Du côté de l’opposition, les dégâts sont circonscrits même si le probable grand challenger du candidat Macky Sall en 2019, l’actuel maire de Dakar Khalifa Sall y laisse quelques plumes. Les prochaines semaines vont permettre de savoir s’il traversera une zone de turbulences à l’intérieur de son parti, le Parti socialiste.
Victoire de l’équilibre
Au final, c’est le peuple sénégalais qui gagne. D’abord, les résultats confirment une volonté de stabilité institutionnelle de sa part tout en avertissant le président qu’il l’a à l’œil. Il est attendu au tournant.

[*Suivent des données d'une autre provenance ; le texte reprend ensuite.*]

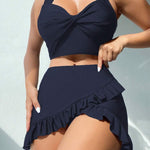 17429531733ca4331ff71429ea2ed433034970763c_thumbnail_900x.webp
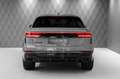 Audi RS Q8 RS Q8 GREY/BROWN 23" CARBON 4,99% FINANZIEREN Gris - thumbnail 6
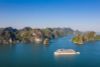 9 DAYS BEST OF NORTH VIETNAM TOUR: HANOI, SAPA, NINH BINH & HALONG BAY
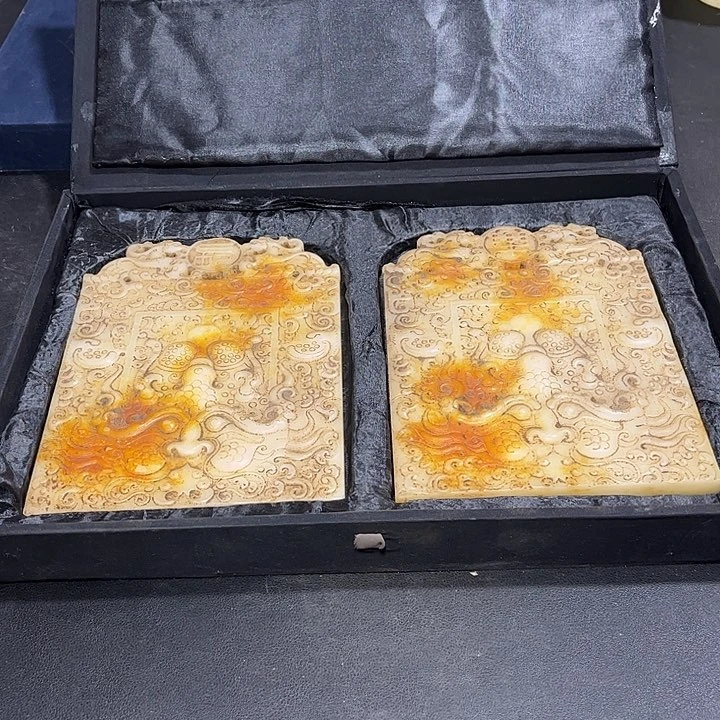 底槽青官方链接一物一图发货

Le président saura-t-il décrypter les messages que lui ont envoyés les électeurs ? Tous les électeurs, les abstentionnistes compris. Le pilotage partisan du référendum, principal grief d’une partie de la société civile et les excès guerriers du chef de parti qu’il est aussi, expliquent en partie le désenchantement des populations.
Le mensonge et les amalgames de l’opposition et d’une partie de la société civile savamment entretenus et distillés, le parti pris de certains médias privés qui ont voté « oui », la rupture d’équilibre du média principal d’Etat, la télévision nationale, qui s’est engagée dans une propagande éhontée en faveur du « oui » ainsi que les accusations récurrentes d’achat de conscience auront affecté la sincérité du scrutin dans un pays dont on a une certaine habitude à vanter l’exemplarité démocratique.
La pratique du compromis
Les conseillers du Président Sall se frotteront les mains sans grand entrain. La réforme constitutionnelle passe mais elle est sans saveur, sans punch. Elle laissera un espace politique plus que jamais fragmenté. Au Président Sall d’en tirer toutes les conséquences idoines dont la première est d’engager un dialogue avec l’opposition. C’est plus dans son intérêt et dans celui du peuple sénégalais que de l’opposition. Francine Noël, prolixe romancière canadienne écrivait dans Myriam première : «La politique c’est la pratique du compromis».
Charles Sanches est spécialiste des droits de l’homme et du genre. Blogueur connu, il est le fondateur de Génération Blog, une organisation indépendante qui promeut les valeurs de partage et d’éthique à l’ère du numérique.